Se não há pormenor da minha vida que não tenha sido previsto pela vossa Sabedoria e regulado pela vossa Providência, nada tenho que mudar, acrescentar ou reduzir. Não devo conceber aspirações de um destino diverso daquele que me traçastes. Não me cabe lamentar-me nem lamuriar. Não me compete perguntar-Vos pelas razões da vossa conduta a meu respeito, indagar por que me criastes com este caráter, com estas aptidões ou incapacidades, com estas paixões, revoltas interiores ou aspirações. Não me deveis explicações por me terdes feito nascer neste tempo de preferência a outro, viver neste lugar e meio, nestas circunstâncias, favoráveis ou não.
Meu Deus, quer me tenhais feito rico ou pobre, sábio ou ignorante, obscuro ou distinto pelo nascimento, ignorado ou desprezado; quer me tenhais dado luzes recusadas a outros, ou rodeado a minha alma de proteções que não concedestes a outros..., de nada devo pedir-Vos contas. São os eternos desígnios sobre mim. Devo aceitá-los e santificar-me nessas circunstâncias.
Como me iludia quando formava por mim mesmo projetos de santidade e, à margem dos desígnios divinos, sonhava com uma perfeição, uma carreira, trabalhos, luzes, consolações ou cruzes que não eram para mim! Como errava seguindo veredas estreitas, quando uma larga estrada me fora traçada por Deus desde a eternidade!

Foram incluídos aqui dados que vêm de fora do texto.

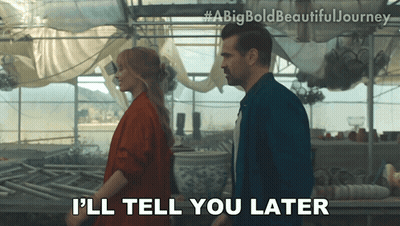 A Man And A Woman Are Standing In A Greenhouse And The Man Is Saying " I 'Ll Tell You Later " GIF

O destino que Ele concebeu desde a eternidade para cada alma é-lhe indicado no decorrer do tempo. A vida do homem desenrola-se como um filme de longa duração. Todos os acontecimentos, circunstâncias e momentos estão marcados com antecedência. Deus diz: “Adora e aceita”. A alma simples responde: “Aceito, amo e abandono-me à vossa ação”.
A alma indiferente passa sem se preocupar com o tesouro que desleixa, com a honra que desdenha. A alma hostil amaldiçoa e blasfema. E a ação de Deus continua a trazer a cada instante um novo dever, santificando sem cessar a alma que nEle confia.
Meu Deus, Princípio do meu ser, Fim da minha existência, Modelo da minha ação, eu me entrego, eu me abandono à vossa Vontade. O que me cumpre fazer é seguir-Vos passo a passo, como a criança agarrada à mão de sua mãe. Não quero andar um passo à frente nem um passo atrás. Irei ao vosso passo, cumprindo os pequenos deveres do momento presente, aceitando as cruzes que me trouxerem, abandonando-me, quanto ao resto, a todos os vossos desígnios, presentes ou futuros, sobre a minha alma.
Sei que tudo o que vem de Vós é bom, porque tudo foi previsto e regulado pela vossa amável Providência.